A life review can be approached from a number of angles. I’ve done several over the years. At some point, I did a life review examining how experiences of the subject-object division in perception had unfolded throughout my life. In that review I looked at the development (and the distortions) of my sense of what I call ‘experiential space,’ and how that interacted with my sense of ‘self.’

I included in that review the effect of taking LSD in my late teens, which produced a profound union of ‘experiential space,’ expansive experience of clarity, and the presence of blissful well-being.

I took LSD twice in the late sixties; or, as we said then, “dropped acid.” Only twice, because, as I was a greenhorn Buddhist meditator at the time, I was starting to take care of my body (after the alcohol abuse of my mid-to-late teens). I began a life of non-violence, in a society waging a vicious war in Vietnam; and so, I decided that non-violence included non-violence to my brain. (Despite the sweet experiences, LSD isn’t good for brains. I don’t recommend it, for health reasons.)

I basically have no remorse about taking LSD, though. Recently, I mentioned it in social conversation, when offering an instance of something relevant to our conversation, but the mention of LSD as a source of a positive experience threw my host momentarily off-centre. It seemed that my friend was confusing two things: the value of an experience, and the value of the means to the experience. That set me thinking about the value of that experience, and I went back to read the particular life review.

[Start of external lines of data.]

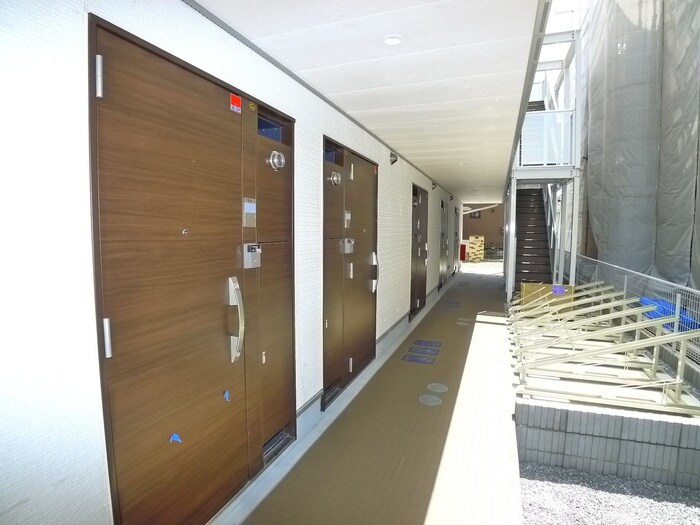 物件外観写真6　(エントランス部分)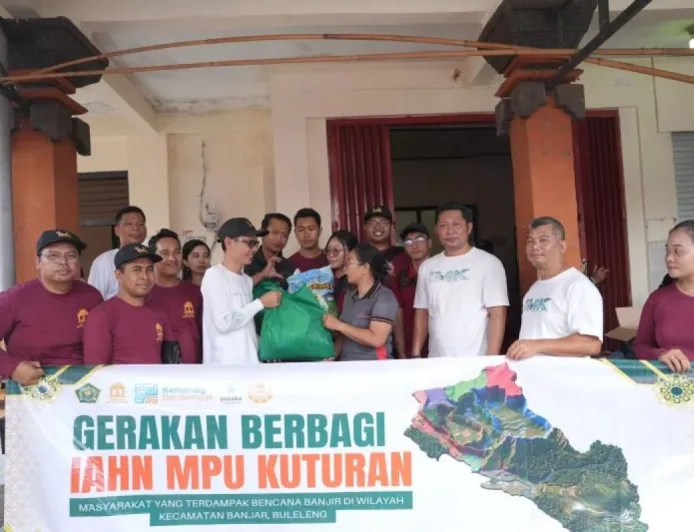 IAHN Mpu Kuturan Salurkan Bantuan Korban Banjir Bandang di Desa Banjar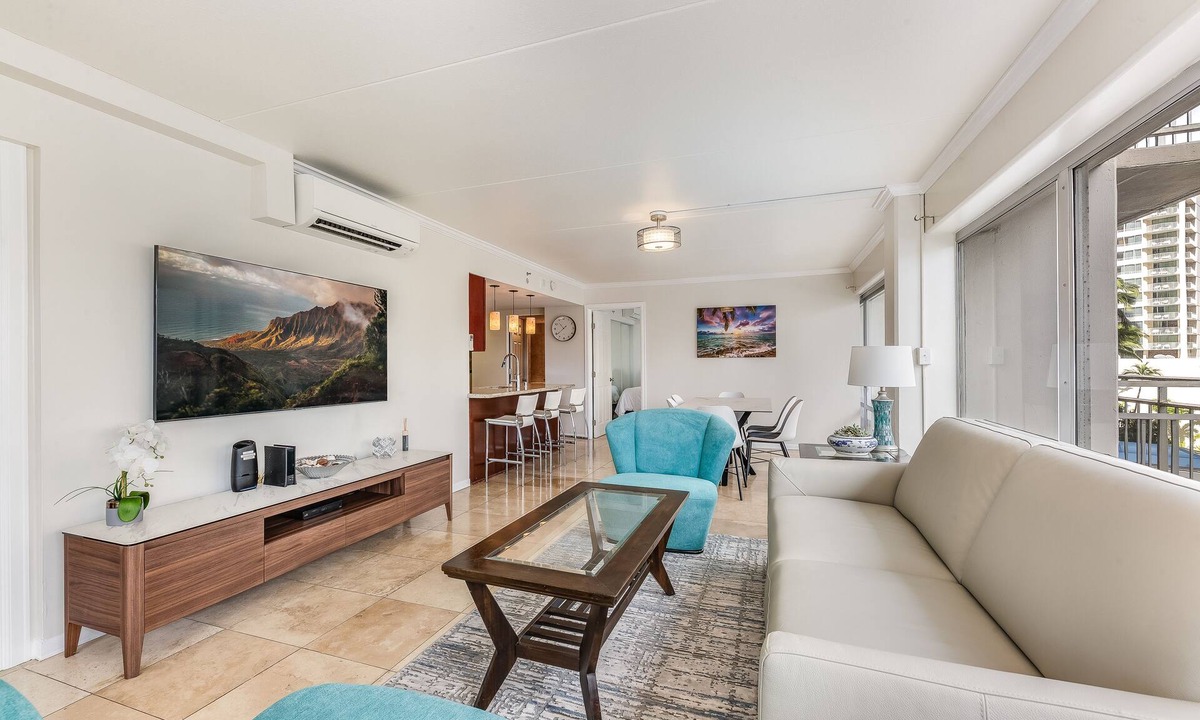 Waikiki Condo | Splendid 2BD w/One FREE Parking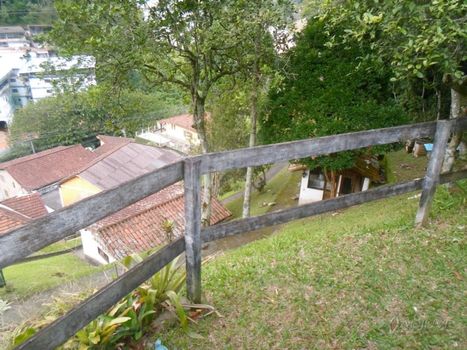 Foto 11 do(a) Terreno false à venda em Bingen, Petrópolis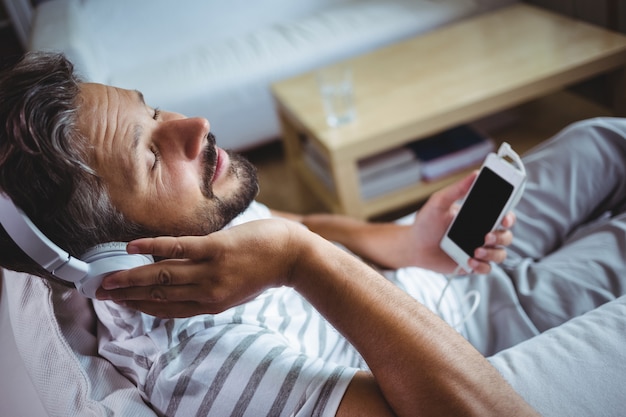 Homem ouvindo música em fones de ouvido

I’m sharing this, also, because it has been, for me, a life-long difficulty, to convey subtle-energy experiences without sounding merely intellectual. ‘Experiential space,’ for instance, isn’t something the average person has named for themselves. So, as a concrete instance of Bliss and Space (the basis of Deva-realms), and Death, I thought this anecdote would be useful.

At the same time, it’s a tale about confirming what the meditation masters have been saying for millennia, that the mind is like space. In fact, the ‘space’ element in the Nikayas is not about external space. It’s about experiential space – about proportion and interaction. (See Sue Hamilton, Early Buddhism: A New Approach)

Sue Hamilton writes: “One needs to bear in mind here that according to the early Buddhist texts, form is understood to range through a wide range of degrees of density and subtlety; it need not be visible.”